A Study Of The Analgesic (Pain-Relief) Effects Of Tanezumab In Adult Patients With Diabetic Peripheral Neuropathy

Phase 2

Terminated

Conditions: Diabetic Peripheral Neuropathy

Interventions: Biological: Tanezumab
Biological: placebo

Registration Number: NCT01087203

Lead Sponsor: Pfizer

Brief Summary: The purpose of this study is to determine the effectiveness and safety of the investigational drug, tanezumab, in adult patients with painful diabetic peripheral neuropathy.
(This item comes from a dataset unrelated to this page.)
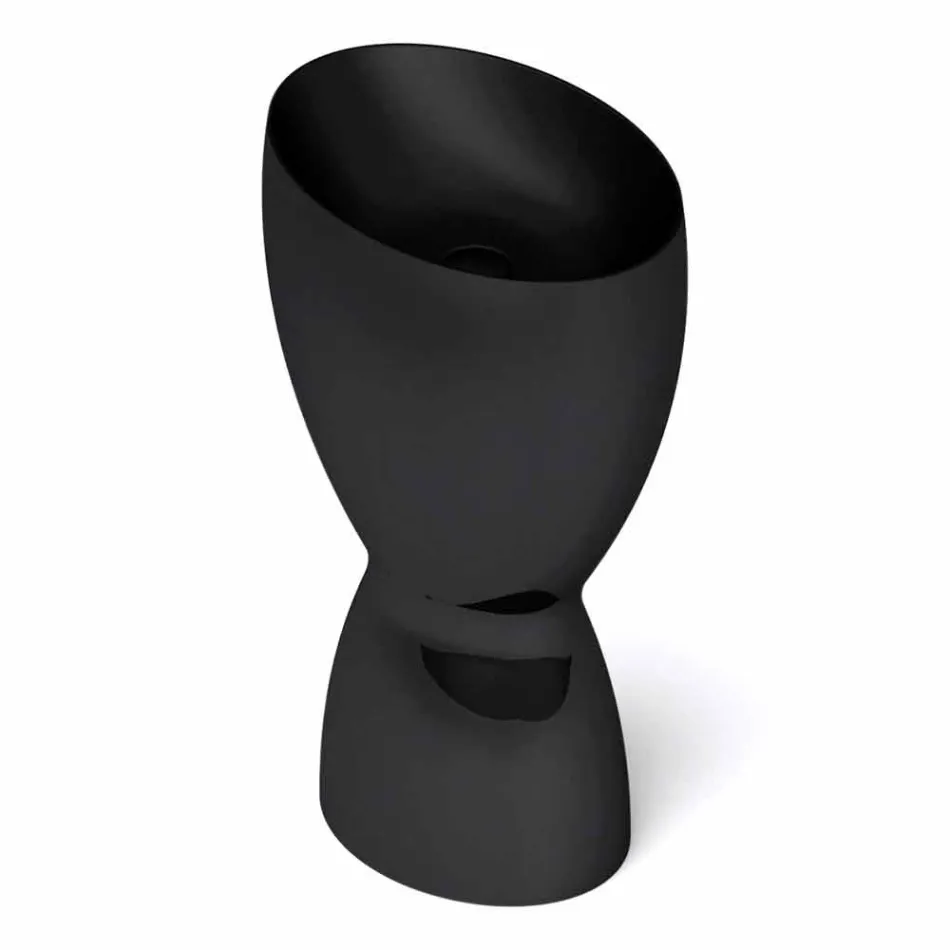 Lavabo moderne en céramique sur pied fabriqué en Italie, Basile Viadurini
Detailed Description: This study was terminated on 18 November 2010 following a US FDA clinical hold for the tanezumab diabetic peripheral neuropathy clinical study which halted dosing and enrollment of patients on 19 July 2010 for potential safety issues.

Recruitment & Eligibility

Status: TERMINATED

Sex: All

Target Recruitment: 73

Inclusion Criteria

Diagnosis of diabetes mellitus (high blood sugar) with HbA1c levels of ≤11% at Screening, and on a stable anti-diabetic medication regimen for the 30 days prior to randomization.
Diagnosis of diabetic peripheral neuropathy pain in the legs or feet with decreased sensation in the feet or decreased/absent ankle jerk/ reflexes.
Presence of ongoing pain due to diabetic peripheral neuropathy for at least 3 months.
A pain score of greater than or equal to (≥) 4 for from diabetic peripheral neuropathy on the Numerical Rating Scale (NRS), a 11-point scale with 0 meaning no pain and 10 meaning worst pain at Screening.
Be willing to stop all pain medications for diabetic peripheral neuropathy except for the limited use of acetaminophen (Tylenol) or ibuprofen-like (Motrin) medications between Screening and Baseline and not use prohibited pain medications throughout the duration of the study except as permitted by the study guidelines.

Exclusion Criteria

Painful neuropathies other than diabetic peripheral neuropathy.
Other types of diabetic neuropathies.
Patients with a past history of carpal tunnel syndrome (CTS) with signs or symptoms of CTS in the one year prior to Screening are not eligible for participation.
Patients with fibromyalgia, regional pain caused by lumbar or cervical compression with radiculopathy or other moderate to severe pain.
Patients with a present (current) history of sciatica are not eligible for participation.
The presence of pain conditions that cannot be distinguished from diabetic peripheral neuropathy such as peripheral vascular disease.
Amputations dues to diabetes.
Patient with any clinically significant medical condition or laboratory abnormalities.
History, diagnosis, or signs and symptoms of clinically significant neurological diseases (such as Alzheimer's disease, head trauma, epilepsy or stroke).
History, diagnosis, or signs and symptoms of clinically significant psychiatric diseases (such as bipoar disorder or schizophrenia).
History of known alcohol, analgesic or drug abuse within 2 years of Screening.
Pregnant women, lactating mothers, women suspected of being pregnant, and women who wish to be pregnant during the course of clinical study.

Study & Design

Study Type: INTERVENTIONAL

Study Design: PARALLEL

Arm && Interventions

Group	Intervention	Description
Tanezumab	Tanezumab	-
Placebo	placebo	-

Primary Outcome Measures

Name	Time	Method
Change From Baseline in Average Diabetic Peripheral Neuropathy (DPN) Pain Score at Week 16	Baseline, Week 16	Participants assessed their DPN pain during the past 24 hours using 11-point Numeric Rating Scale (NRS) with score range of 0 (no pain) to 10 ( worst possible pain). Baseline score was calculated as the mean of the average pain scores over the 3 days in the initial pain assessment period. The Week 16 value was the average DPN Pain score calculated for the 7 days prior to and including Day 113 (Week 16).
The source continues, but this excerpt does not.